The experience of the first Christians makes clear that Christianity wasn’t a spectator sport (except for those who liked to watch Christians being killed by gladiators and wild animals in the amphitheater). The first Christians who experienced the impact of the resurrection of Jesus were profoundly changed by this extraordinary event. In an article in a weekend edition of THE WALL STREET JOURNAL a few years ago by George Weigel, the biographer of Pope Saint John Paul II, describes what happened to those first Christians as the “Easter Effect.” Although it took time for the first Christians to figure out what the events of Easter meant—not only for Jesus but for themselves—as they worked that out, their thinking about a lot of things changed profoundly. Weigel lists several of them: The way they thought about time and history changed. During Jesus’ public ministry, many of his followers shared in the Jewish messianic expectations of the time: God would soon work something grand for his people in Israel, liberating them from their oppressors and bringing about a new age in which the nations would stream to the mountain of the Lord and history would end. The early Christians came to understand that the cataclysmic, world-redeeming act that God had promised had taken place at Easter. God’s Kingdom had come not at the end of time, but within time—and that had changed the texture of both time and history. History continued, but those shaped by the Easter Effect became the people who knew how history was going to turn out. Because of that, they could live differently. The Easter Effect impelled them to bring a new standard of equality into the world and to embrace death as martyrs if necessary— because they knew, now, that death did not have the final word in the human story.
The way they thought about “resurrection” changed. Pious Jews taught by the reforming Pharisees of Jesus’ time believed in the resurrection of the dead. Easter taught the first Christians, who were all pious Jews, that this resurrection was not the resuscitation of a corpse, nor did it involve the decomposition of a corpse. Jesus’ tomb was empty, but the Risen Lord appeared to his disciples in a transformed body. That insight radically changed all those who embraced it.
The way they thought about their responsibilities changed. What had happened to Jesus, they slowly began to grasp, was not just about their former teacher and friend; it was about all of them. His destiny was their destiny. So not only could they face opposition, scorn and even death with confidence; they could offer to others the truth and the fellowship they had been given. Indeed, they had to do so, to be faithful to what they had experienced.
In the Acts of the Apostles, St. Peter and the Apostles were witnesses to all that Jesus did. They ate and drank with Him even after He rose from the dead. Saint Peter reminds the Christians that they are not merely passive spectators, but that Jesus “commissioned us to preach to the people and testify that He is the one appointed by God as judge of the living and the dead.” All of us who call ourselves Christians are called to do the same.

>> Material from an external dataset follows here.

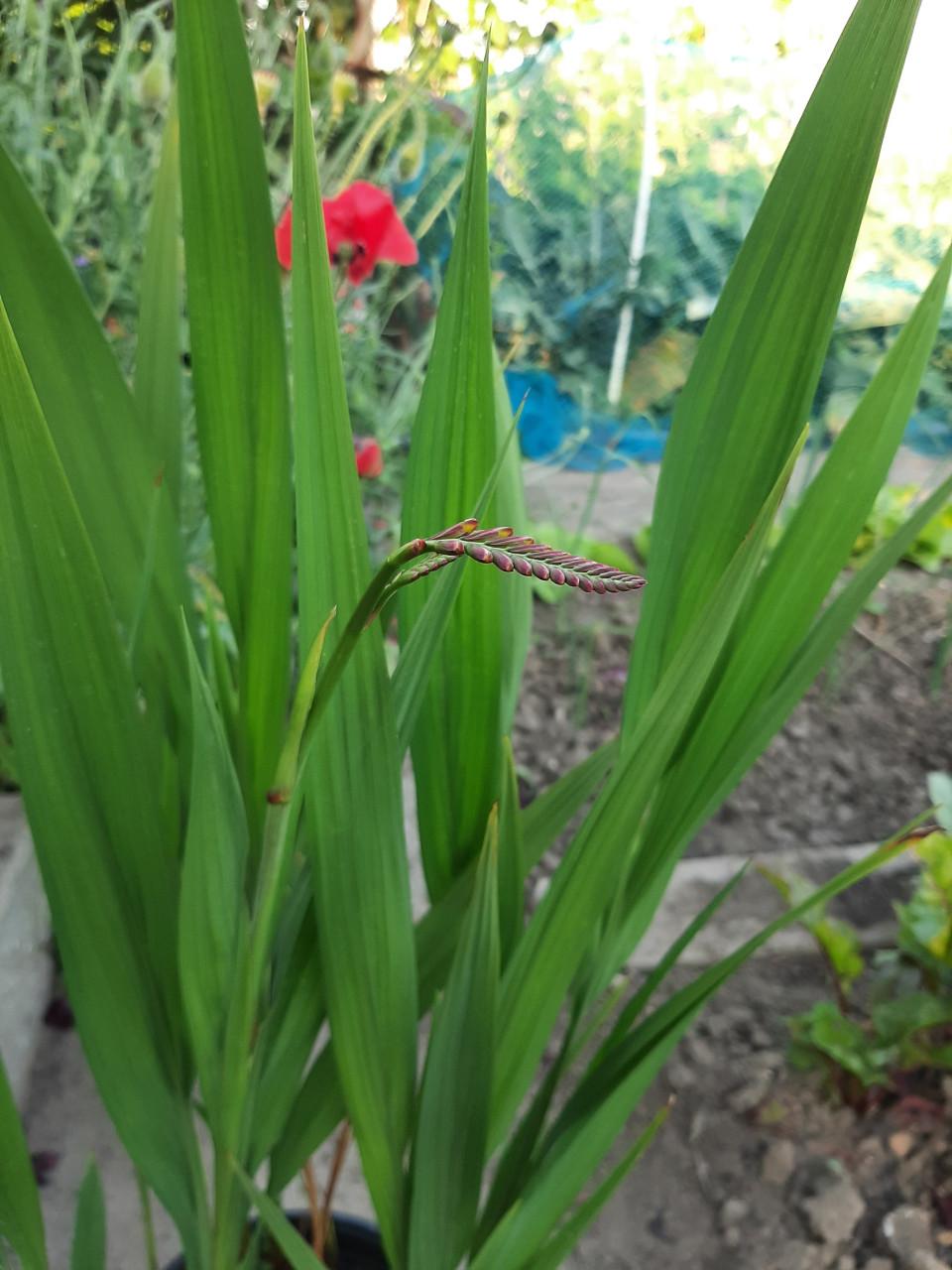 Crocosmia 'Lucifer'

That message of being stirred to action pertains to us as much as it did to the first Christians. The account of Our Lord’s resurrection should not leave us mystified by this mystery of our faith or mesmerized by this extraordinary event. Rather we are sent as missionary disciples to bring others to believe in the Resurrection of Christ. To be a disciple means to be a follower of the Risen Lord; to be a missionary means to be sent out to bring others to share this faith. This, of course, isn’t easy, for there are many obstacles along the way.
St. John notes that, when Mary Magdalene came to the tomb early in the morning, while it was still dark, she “saw the stone removed from the tomb.” That stone is a metaphor. It represents all the obstacles to accepting Jesus Christ as our Sovereign Lord and saving Redeemer. Yet, for those willing to approach the tomb, the stone is rolled back. It takes faith to accept the resurrection. It takes faith to encounter the Risen Lord. It is God’s grace that rolls back that very large stone and beckons us to enter the realm of faith.
Our celebration of the Easter mystery is an act of faith; it is our coming to the tomb; it leads us to look up and see that the stone has been rolled away. This encounter leads us to the Risen Son of God. Like the disciples at the tomb, we see that He is risen and we hear the most joyous good news! Now we, like the first Christians, must go out and live the Good News! Have a blessed Easter!